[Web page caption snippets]
• • • • •

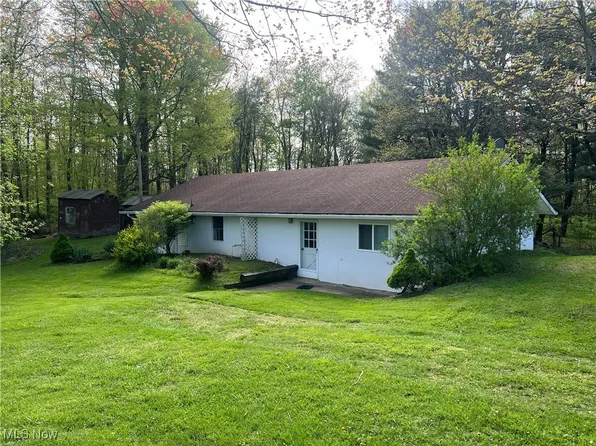 9877 County Road 292, Millersburg, OH 44654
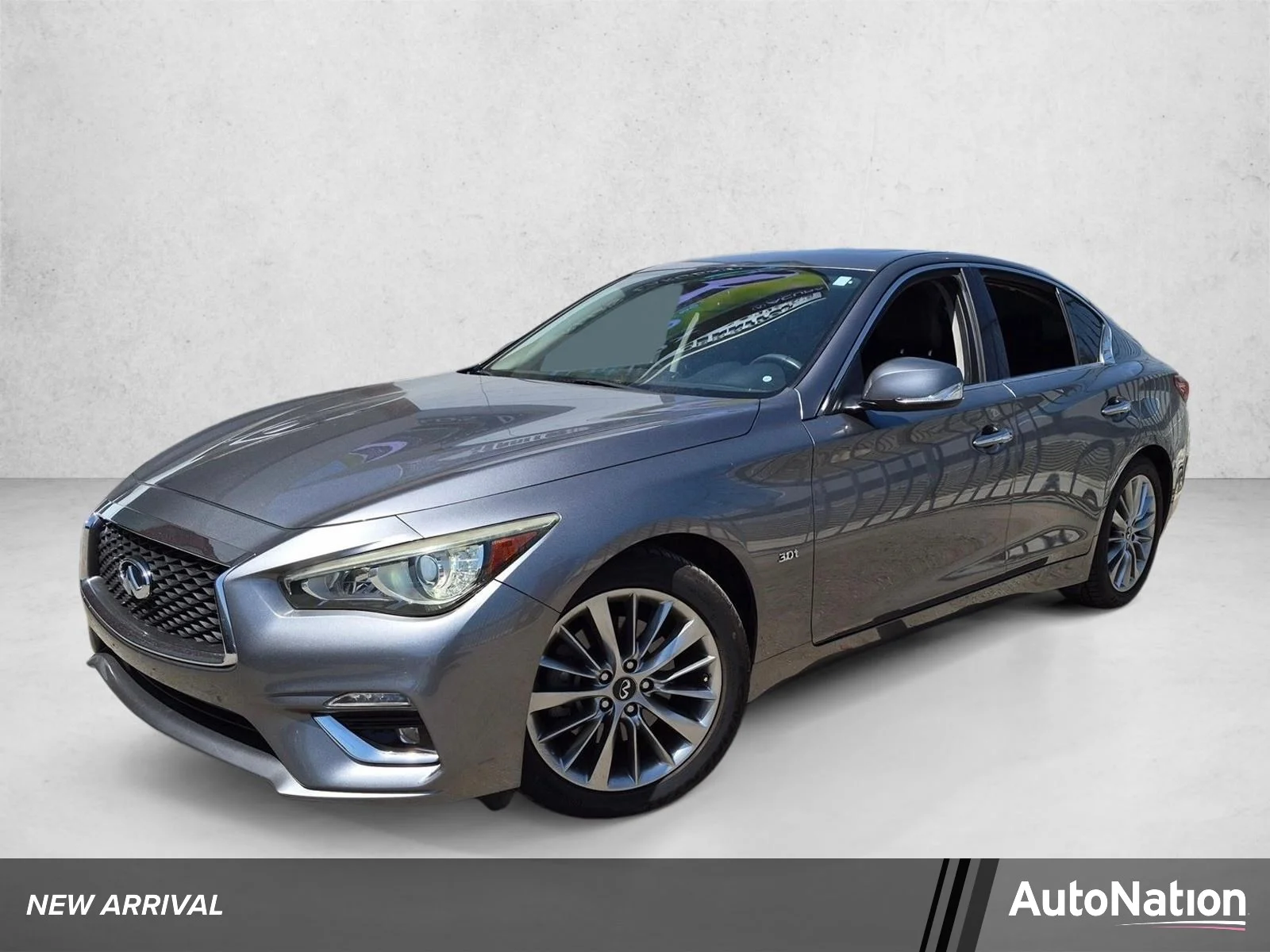 Used 2019 Graphite Shadow INFINITI 3.0t LUXE image 1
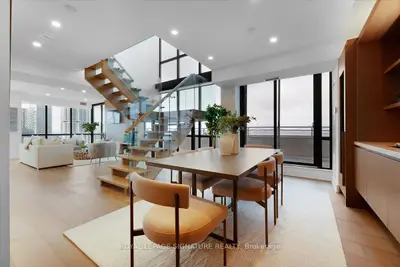 Condo Apartment in Vaughan
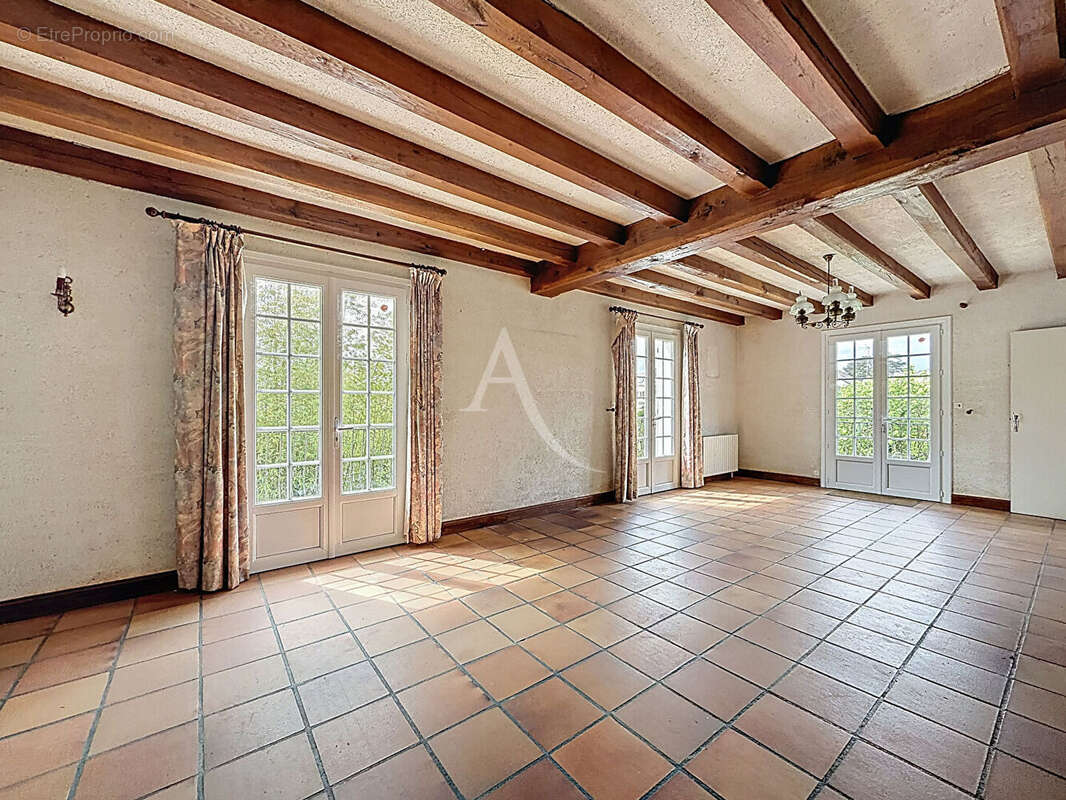 Maison à BRIOLLAY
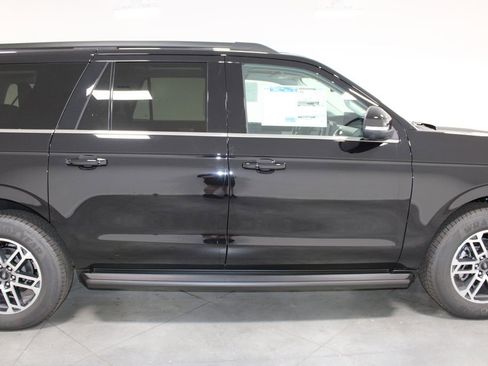 New 2025 Ford Expedition Max Active image 10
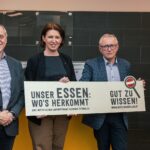 GUT ZU WISSEN Berater Dr. Rudolf Stadler, Landesrätin Langer-Weninger, LDZ Küchenleiter Christian Hügelsberger, © LKÖ/L.Ruisz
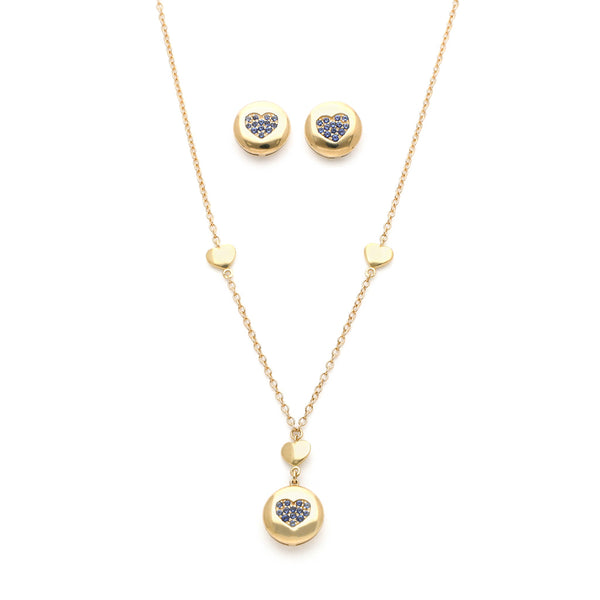 Juego de aretes diseño especial y gargantilla eslabón cruzado con aplicaciones y sintéticos motivo corazón en oro amarillo 14 kilates.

• • • • •

= Work order =
Word for word, give again the lines from the line with "Maison à BRIOLLAY" through the end of the records above, with both ends included and the pictures left out.

= Exercise result =
 Maison à BRIOLLAY
 New 2025 Ford Expedition Max Active image 10
 GUT ZU WISSEN Berater Dr. Rudolf Stadler, Landesrätin Langer-Weninger, LDZ Küchenleiter Christian Hügelsberger, © LKÖ/L.Ruisz
 Juego de aretes diseño especial y gargantilla eslabón cruzado con aplicaciones y sintéticos motivo corazón en oro amarillo 14 kilates.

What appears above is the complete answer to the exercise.